(Data entries)
Start of Block

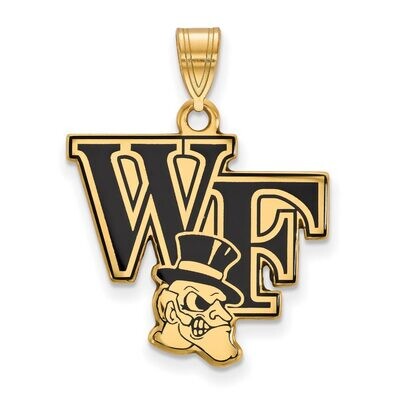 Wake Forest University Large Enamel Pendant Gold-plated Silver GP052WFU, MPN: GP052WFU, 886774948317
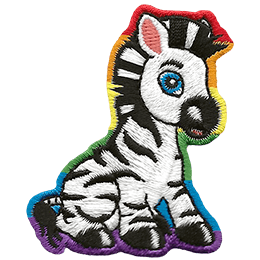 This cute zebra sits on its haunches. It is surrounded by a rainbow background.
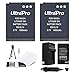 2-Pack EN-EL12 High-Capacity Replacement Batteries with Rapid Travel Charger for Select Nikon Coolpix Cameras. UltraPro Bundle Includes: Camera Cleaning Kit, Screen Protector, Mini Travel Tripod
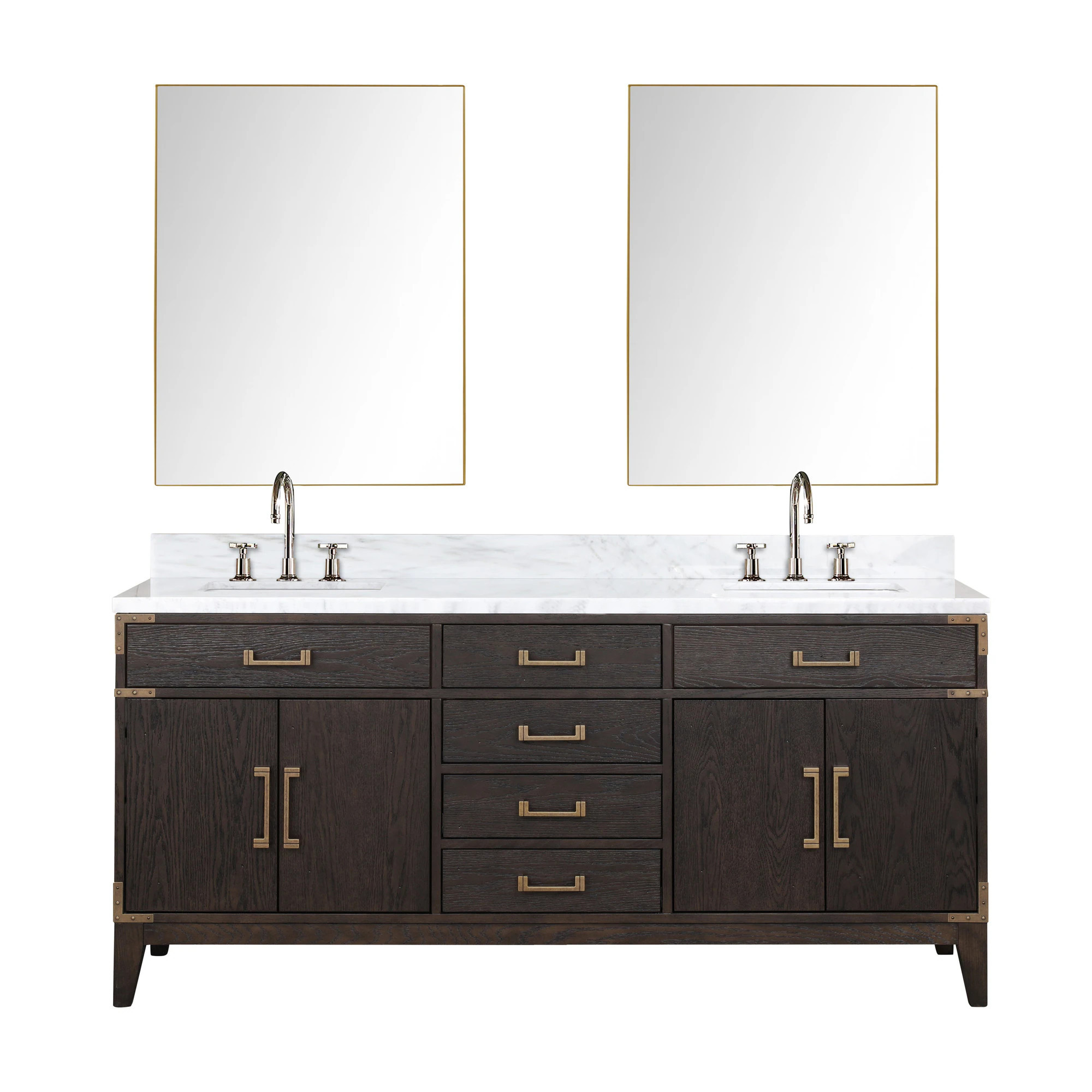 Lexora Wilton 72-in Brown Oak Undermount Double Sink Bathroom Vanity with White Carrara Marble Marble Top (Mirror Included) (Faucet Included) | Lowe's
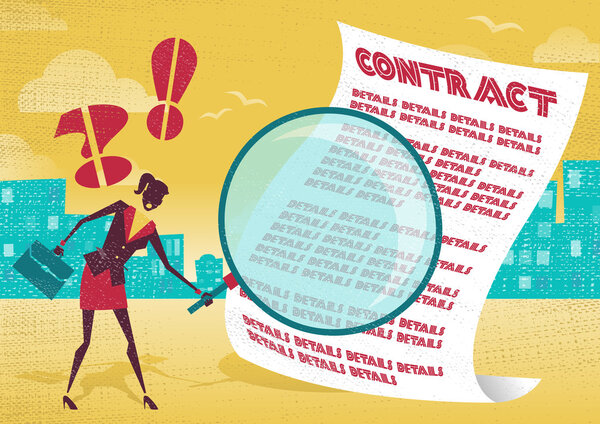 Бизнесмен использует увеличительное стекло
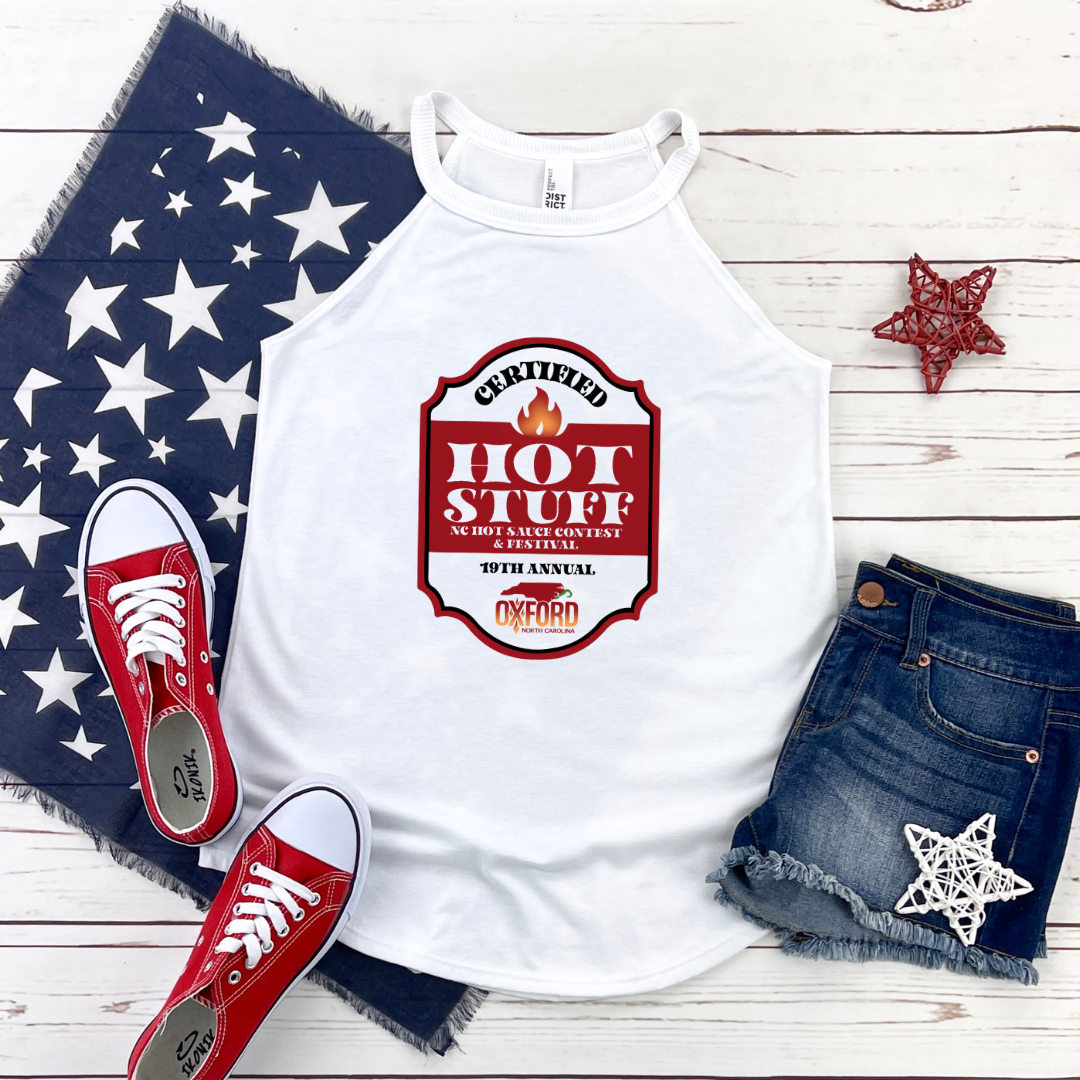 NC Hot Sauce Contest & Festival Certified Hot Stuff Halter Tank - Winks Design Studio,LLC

End of Block

### Exercise requirements:
From the line containing "2-Pack EN-EL12 High-Capacity" to the last line of the records above, return each line exactly, both ends included, and nothing more. Leave out the pictures.

### Solution to this exercise:
 2-Pack EN-EL12 High-Capacity Replacement Batteries with Rapid Travel Charger for Select Nikon Coolpix Cameras. UltraPro Bundle Includes: Camera Cleaning Kit, Screen Protector, Mini Travel Tripod
 Lexora Wilton 72-in Brown Oak Undermount Double Sink Bathroom Vanity with White Carrara Marble Marble Top (Mirror Included) (Faucet Included) | Lowe's
 Бизнесмен использует увеличительное стекло
 NC Hot Sauce Contest & Festival Certified Hot Stuff Halter Tank - Winks Design Studio,LLC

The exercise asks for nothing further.